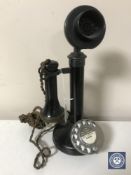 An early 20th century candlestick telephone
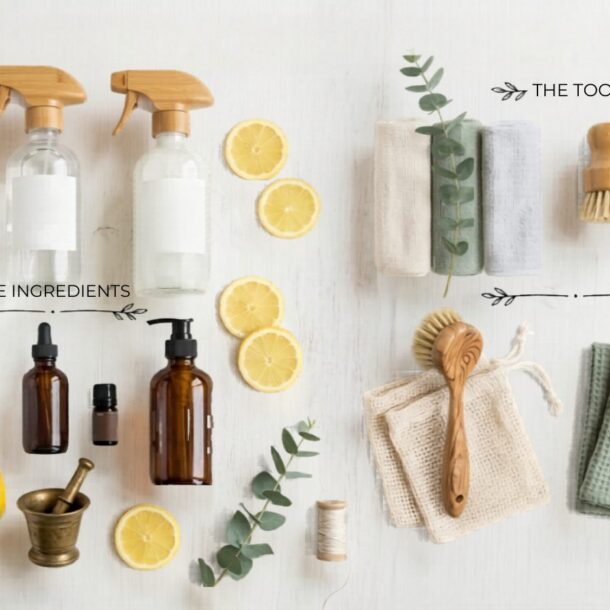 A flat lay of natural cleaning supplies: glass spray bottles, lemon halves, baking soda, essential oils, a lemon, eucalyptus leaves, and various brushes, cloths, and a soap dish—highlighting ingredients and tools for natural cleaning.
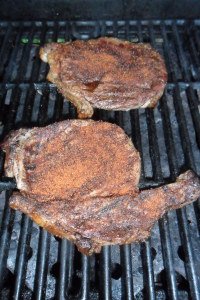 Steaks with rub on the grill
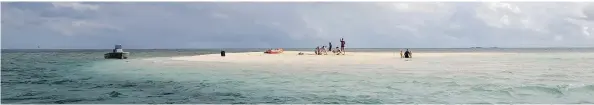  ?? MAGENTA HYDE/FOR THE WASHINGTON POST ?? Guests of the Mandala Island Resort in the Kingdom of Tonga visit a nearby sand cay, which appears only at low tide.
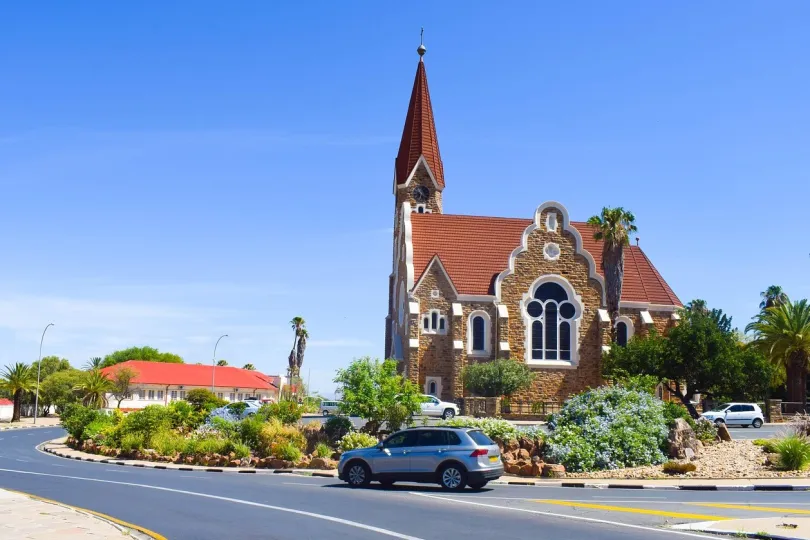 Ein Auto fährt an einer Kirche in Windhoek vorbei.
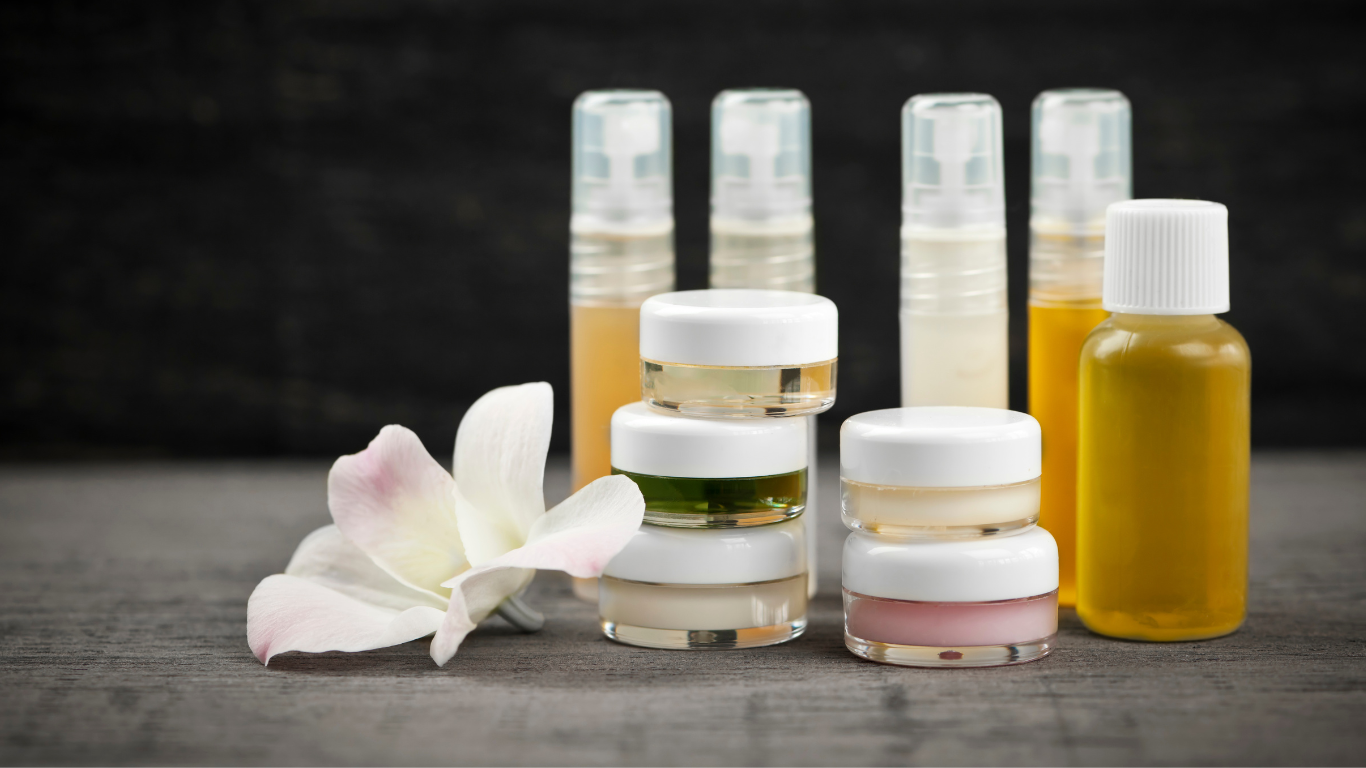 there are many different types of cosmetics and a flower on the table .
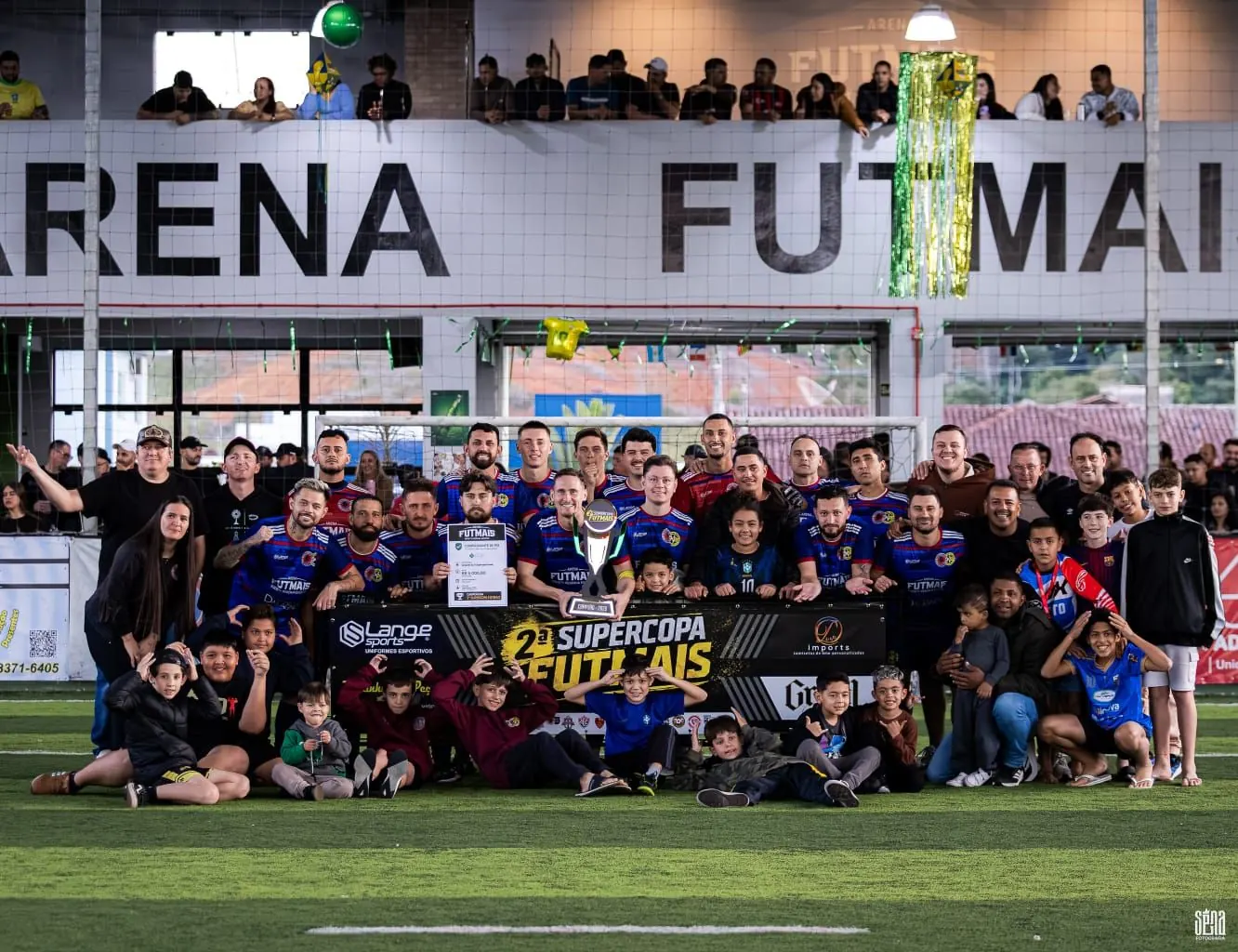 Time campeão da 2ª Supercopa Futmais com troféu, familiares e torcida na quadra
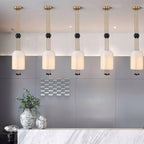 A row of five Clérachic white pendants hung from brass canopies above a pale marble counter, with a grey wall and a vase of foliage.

= = =

> _Activity_
From the listing above, please give again the lines that begin with the line holding "A flat lay of" and go on through the line holding "Time campeão da", exactly, both ends included, minus any picture.

> _Output below_
 A flat lay of natural cleaning supplies: glass spray bottles, lemon halves, baking soda, essential oils, a lemon, eucalyptus leaves, and various brushes, cloths, and a soap dish—highlighting ingredients and tools for natural cleaning.
 Steaks with rub on the grill
  ?? MAGENTA HYDE/FOR THE WASHINGTON POST ?? Guests of the Mandala Island Resort in the Kingdom of Tonga visit a nearby sand cay, which appears only at low tide.
 Ein Auto fährt an einer Kirche in Windhoek vorbei.
 there are many different types of cosmetics and a flower on the table .
 Time campeão da 2ª Supercopa Futmais com troféu, familiares e torcida na quadra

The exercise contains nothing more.